Apercebi-me, assim, de que viver em Portugal (ou em qualquer outro país do mundo dito ocidental) é viver num pequeno paraíso de paz, segurança e tranquilidade, no qual desfrutamos de direitos inalienáveis e que nos são garantidos porque a larguíssima maioria da sociedade acredita nisso e, como tal, respeita e luta por eles usando para tal leis e mecanismos que asseguram a execução destas.

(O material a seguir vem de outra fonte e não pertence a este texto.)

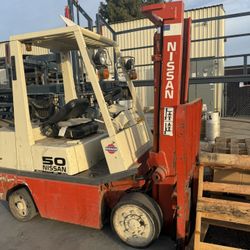 Forklift Nissan 50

A segunda (e mais forte) impressão foi a descoberta da minha nova heroína, a personagem digna e merecedora de toda a minha admiração – a Mulher Africana. Esta Mulher é, ao mesmo tempo, o pilar e a viga, o cimento e o tijolo, das sociedades africanas. É ela o elemento agregador da família, é ela quem faz acontecer as coisas, quem está sempre presente, quem nunca desiste (nem concebe tal ideia), quem segura e ampara todos os outros quando caem porque ela nunca cai, nunca treme, nunca hesita na determinação em ser tudo o que a família precisa que ela seja. É rochedo inabalável mas é também a locomotiva imparável. É sempre ela a primeira lutadora mas também a primeira apaziguadora; é sempre ela a primeira a sacrificar-se e a acordar em casa mas é sempre a última a deitar-se e a pensar um pouco nela própria.

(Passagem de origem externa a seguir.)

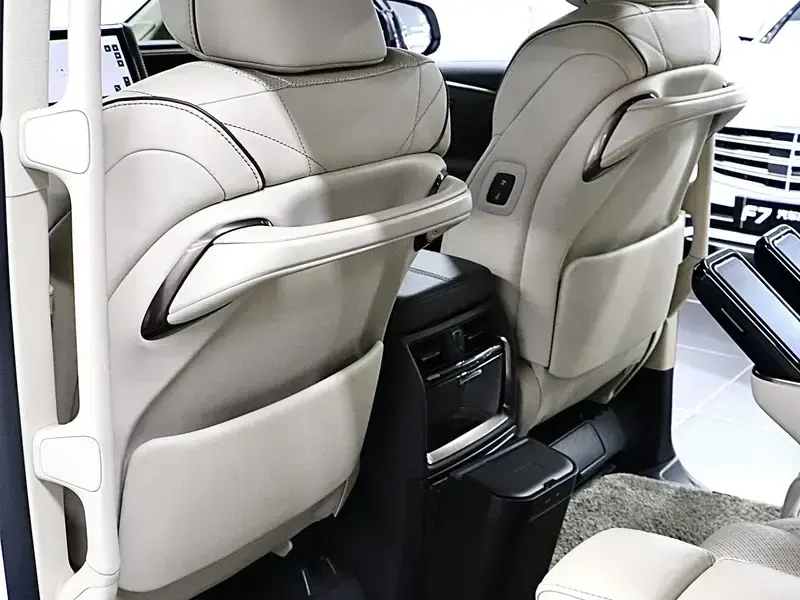 2023 Toyota Vellfire с пробегом 56 000 км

Viver em África, com as condições de vida que conhecemos e que ofendem a dignidade humana, não é fácil, não é para todos. É só para aqueles que sabem superar-se todos os dias, para os determinados que não vacilam perante adversidades, para os que têm as suas escolhas e prioridades perfeitamente definidas. Vi isto tudo na Mulher Africana, a minha heroína. A vida em África seria infinitamente mais difícil sem ela e seria muito melhor se ele fosse devidamente valorizada e se os seus direitos fossem minimamente respeitados o que, como já acima disse, não sinto que esteja de alguma forma garantido.

Já devia há uns meses estas palavras à Mulher Africana nestas minhas crónicas, tal foi a força da impressão que trouxe de África. Quando percebi que esta minha crónica coincidia com o Dia Internacional da Mulher, não hesitei no tema porque sei que em todas as Mulheres que amam há sempre algo de Mulher Africana.

E é assim que, na figura da Mulher Africana, homenageio todas as Mulheres, não só hoje, como todos os dias.

Até para a semana. Desfrutem de Odivelas, também no feminino!